Miami and I are now separated, but now actively looking to hire a divorce lawyer.  I have decided that I can no longer handle being a Dolphins fan, but my heart is not ready to move on.  I’m hurting, and I’m trapped.  My life is rife with instability, I can’t quit them, but for the first time I acknowledge that I should. 

Two more years have passed, an actual playoff appearance occurred, and while my passion isn’t what it used to be, I’ve come to terms that I need to make this marriage one where we “stay together for the kids.”  I’m not expecting much from Miami, this season, or really much in the future, but I’m going to make it work.  Miami has one thing going for it, my boy, my all time favorite Boise State Bronco (a loyalty that is not on the rocks) Jay Ajayi has landed on the Dolphins roster.  He’s not only there, he’s the cornerstone of the offense, toting the rock frequently to bleed the clock and limit the mistakes the defense and subpar quarterbacks can make.  He’s not Barry Sanders, but I love him, and he’s a legitimately exciting player to watch.  After two plus years of being non-committal on Miami, I pull the trigger and renew financial investments in my team.  On Wednesday, October 4th, 2017, I order a new jersey for my champion Jay Ajayi, I’m ready to back the Phish full steam.

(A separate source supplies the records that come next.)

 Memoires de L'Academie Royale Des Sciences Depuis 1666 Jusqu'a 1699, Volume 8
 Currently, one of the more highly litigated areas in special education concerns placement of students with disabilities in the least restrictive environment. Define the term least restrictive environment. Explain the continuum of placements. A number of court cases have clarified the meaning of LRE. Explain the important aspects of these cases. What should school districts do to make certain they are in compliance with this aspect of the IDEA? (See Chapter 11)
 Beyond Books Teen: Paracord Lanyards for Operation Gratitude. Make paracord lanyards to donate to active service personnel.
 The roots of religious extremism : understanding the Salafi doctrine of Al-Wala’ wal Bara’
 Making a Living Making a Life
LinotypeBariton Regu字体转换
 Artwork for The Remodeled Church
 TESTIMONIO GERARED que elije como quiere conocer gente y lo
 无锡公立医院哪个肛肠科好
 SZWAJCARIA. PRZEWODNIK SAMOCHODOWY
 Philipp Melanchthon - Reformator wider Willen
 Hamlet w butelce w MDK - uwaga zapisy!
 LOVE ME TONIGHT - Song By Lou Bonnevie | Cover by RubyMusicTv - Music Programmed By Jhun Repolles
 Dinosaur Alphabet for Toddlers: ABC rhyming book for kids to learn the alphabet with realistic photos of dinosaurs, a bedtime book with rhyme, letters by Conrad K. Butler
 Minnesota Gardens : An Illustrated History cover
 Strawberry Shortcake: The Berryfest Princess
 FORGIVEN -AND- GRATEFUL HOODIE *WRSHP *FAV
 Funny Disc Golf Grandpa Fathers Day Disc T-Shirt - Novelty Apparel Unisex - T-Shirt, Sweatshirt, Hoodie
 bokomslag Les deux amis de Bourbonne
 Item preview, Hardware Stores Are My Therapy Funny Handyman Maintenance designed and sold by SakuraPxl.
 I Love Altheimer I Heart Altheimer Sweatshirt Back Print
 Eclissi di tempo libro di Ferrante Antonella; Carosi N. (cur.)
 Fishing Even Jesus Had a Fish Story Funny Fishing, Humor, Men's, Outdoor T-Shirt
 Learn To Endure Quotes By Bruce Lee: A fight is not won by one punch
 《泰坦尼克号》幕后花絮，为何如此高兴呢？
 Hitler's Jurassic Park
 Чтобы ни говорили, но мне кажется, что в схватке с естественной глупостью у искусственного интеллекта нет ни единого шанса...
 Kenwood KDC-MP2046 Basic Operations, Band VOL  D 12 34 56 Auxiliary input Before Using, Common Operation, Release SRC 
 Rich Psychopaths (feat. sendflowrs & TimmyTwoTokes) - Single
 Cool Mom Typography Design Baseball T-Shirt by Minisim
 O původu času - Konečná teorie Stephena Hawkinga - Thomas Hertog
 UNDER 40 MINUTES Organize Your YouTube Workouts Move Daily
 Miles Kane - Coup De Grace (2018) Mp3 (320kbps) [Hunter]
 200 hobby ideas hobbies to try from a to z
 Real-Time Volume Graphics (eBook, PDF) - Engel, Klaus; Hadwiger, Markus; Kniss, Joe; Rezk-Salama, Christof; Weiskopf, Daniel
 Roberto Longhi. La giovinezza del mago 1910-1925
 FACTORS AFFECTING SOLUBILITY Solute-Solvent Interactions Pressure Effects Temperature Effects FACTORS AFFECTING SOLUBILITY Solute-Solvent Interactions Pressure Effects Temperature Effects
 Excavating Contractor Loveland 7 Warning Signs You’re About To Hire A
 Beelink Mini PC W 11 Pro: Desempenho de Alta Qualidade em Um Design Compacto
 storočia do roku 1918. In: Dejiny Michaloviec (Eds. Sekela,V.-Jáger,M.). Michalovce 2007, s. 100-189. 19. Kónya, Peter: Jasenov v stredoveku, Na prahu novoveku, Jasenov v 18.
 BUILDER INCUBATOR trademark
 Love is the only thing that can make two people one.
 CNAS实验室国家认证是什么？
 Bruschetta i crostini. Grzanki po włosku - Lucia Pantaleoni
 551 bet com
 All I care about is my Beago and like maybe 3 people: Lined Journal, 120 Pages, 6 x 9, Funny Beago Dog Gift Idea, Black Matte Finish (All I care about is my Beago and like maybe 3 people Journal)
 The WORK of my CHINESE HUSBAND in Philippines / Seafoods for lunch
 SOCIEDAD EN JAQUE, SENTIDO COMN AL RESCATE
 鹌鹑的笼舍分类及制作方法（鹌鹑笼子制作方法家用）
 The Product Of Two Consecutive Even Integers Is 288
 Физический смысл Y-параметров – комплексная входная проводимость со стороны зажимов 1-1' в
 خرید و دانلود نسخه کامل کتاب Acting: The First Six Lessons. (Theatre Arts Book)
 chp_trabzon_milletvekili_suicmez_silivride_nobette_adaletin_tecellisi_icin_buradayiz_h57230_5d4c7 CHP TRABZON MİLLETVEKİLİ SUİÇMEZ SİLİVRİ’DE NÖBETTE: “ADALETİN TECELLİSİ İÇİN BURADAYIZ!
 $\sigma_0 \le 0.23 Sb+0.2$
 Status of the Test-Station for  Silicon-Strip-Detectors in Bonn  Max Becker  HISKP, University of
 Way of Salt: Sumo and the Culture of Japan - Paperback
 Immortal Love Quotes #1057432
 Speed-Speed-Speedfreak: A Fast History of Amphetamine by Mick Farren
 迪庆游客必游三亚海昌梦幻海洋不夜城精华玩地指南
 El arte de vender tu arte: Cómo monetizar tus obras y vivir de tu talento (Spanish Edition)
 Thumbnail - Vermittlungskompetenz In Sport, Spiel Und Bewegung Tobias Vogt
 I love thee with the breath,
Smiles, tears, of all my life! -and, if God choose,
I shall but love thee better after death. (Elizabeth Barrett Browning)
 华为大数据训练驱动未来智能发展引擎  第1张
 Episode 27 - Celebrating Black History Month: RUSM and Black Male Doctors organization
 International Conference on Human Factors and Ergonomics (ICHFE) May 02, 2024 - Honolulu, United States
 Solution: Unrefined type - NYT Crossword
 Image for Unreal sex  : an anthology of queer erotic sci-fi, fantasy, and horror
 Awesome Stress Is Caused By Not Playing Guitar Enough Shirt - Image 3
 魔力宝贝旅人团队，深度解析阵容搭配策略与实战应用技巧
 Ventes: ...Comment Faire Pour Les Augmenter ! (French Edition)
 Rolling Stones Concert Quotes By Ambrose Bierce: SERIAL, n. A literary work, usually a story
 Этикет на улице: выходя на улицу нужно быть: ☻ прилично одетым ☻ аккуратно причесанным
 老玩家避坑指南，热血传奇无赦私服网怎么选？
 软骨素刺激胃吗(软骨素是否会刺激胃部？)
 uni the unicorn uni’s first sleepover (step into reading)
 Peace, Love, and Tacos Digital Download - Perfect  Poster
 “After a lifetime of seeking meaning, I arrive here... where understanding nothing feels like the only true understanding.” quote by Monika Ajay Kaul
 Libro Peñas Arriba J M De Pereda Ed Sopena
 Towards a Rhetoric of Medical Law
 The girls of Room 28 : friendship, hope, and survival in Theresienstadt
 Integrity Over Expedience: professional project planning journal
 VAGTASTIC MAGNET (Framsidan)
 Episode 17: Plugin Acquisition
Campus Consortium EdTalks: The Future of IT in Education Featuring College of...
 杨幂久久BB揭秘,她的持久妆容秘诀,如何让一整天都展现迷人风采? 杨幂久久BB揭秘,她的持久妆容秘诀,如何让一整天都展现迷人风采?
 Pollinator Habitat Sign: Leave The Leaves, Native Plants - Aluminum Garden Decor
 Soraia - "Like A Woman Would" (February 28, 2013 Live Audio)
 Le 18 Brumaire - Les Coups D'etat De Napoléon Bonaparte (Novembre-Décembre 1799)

October 31, 2017, I awake to get ready to work the same as every morning, alarm blaring at 7 AM.  As I always do, because I’m sports obsessive, I check ESPN for breaking news to start my morning.  I’m greeted with the news that the Miami Dolphins have traded Running Back Jay Ajayi to the Philadelphia Eagles for a 4th round draft pick.

And then I realize that despite my commitment to the Dolphins that they aren’t committed to me.  I had lived in denial that teams aren’t loyal to players, and that any loyalty based on a player is a doomed iceberg to be floating on.  Throughout the day, rumors swirl that they are looking to trade Jarvis Landry as well (my second favorite player on the offense), they don’t pull the trigger, but it’s abundantly clear to me that our relationship isn’t going to work.  I’ve tried to make it work, but it takes two for a relationship to succeed, and we don’t have that. 

I’ve always been afraid to move away from Miami as my team.  I feel like I’ve made a commitment to them.  I don’t break commitments.  I take a long, hard look at my decisions before I make them, and even if I make a bad one, I try to stick with it and accept the consequences.  I didn’t willing end my marriage, I didn’t short sell my house when it made all the sense in the world to do so, I haven’t given up any of my pets even though they make finding housing a nightmare on a consistent basis.  But I’ve realized how foolish it is to take that stance with my sports teams. 

I didn’t make a vow with the Dolphins, I’m not married, and what’s more is that they don’t actually rely on me at all.  Staying with them doesn’t help them, it only hurts me.  We’re not a good fit.  Their fans don’t fit me, their team doesn’t fit me, their location, despite the arguments of a four year old me, doesn’t fit me.  We’re not meant to be together.  

Three weeks ago, I went and spent some time in Oakland with friends and family.  We soaked in a plethora of sports events while there, the capstone of which was a jaunt in the Black Hole at a Raiders game.  Those people fit me.  They are loyal.  They have been bad just as long as Miami has, and they are loyal.  The team left for twenty years, came back, and are leaving again, but they remain loyal.  They scream for four quarters, they hate the other team and let them know it.  The team stinks, and that’s okay.  They are close enough (and still will be after the move) that they won’t require a miracle to watch, or a loan to see in person.  I didn’t go thinking my fandom was for sale, three weeks after coming back, I realized that fandom should need to be bought, it should simply be desired. 

It’s been a long time since I’ve desired my Dolphins.  It’s time to stop making my fandom a chore, and look for happiness in it.  I’m doing that now.  Miami, it’s not me, and it’s not you, it’s both of us.  You’ll always have a place in my heart, but it’s no longer going to be first place.  It’s bittersweet, it hurts, but it’s time.  We are through, but I hope you find success without me. 


My heart has a new home in Raider Nation.  Just win, baby.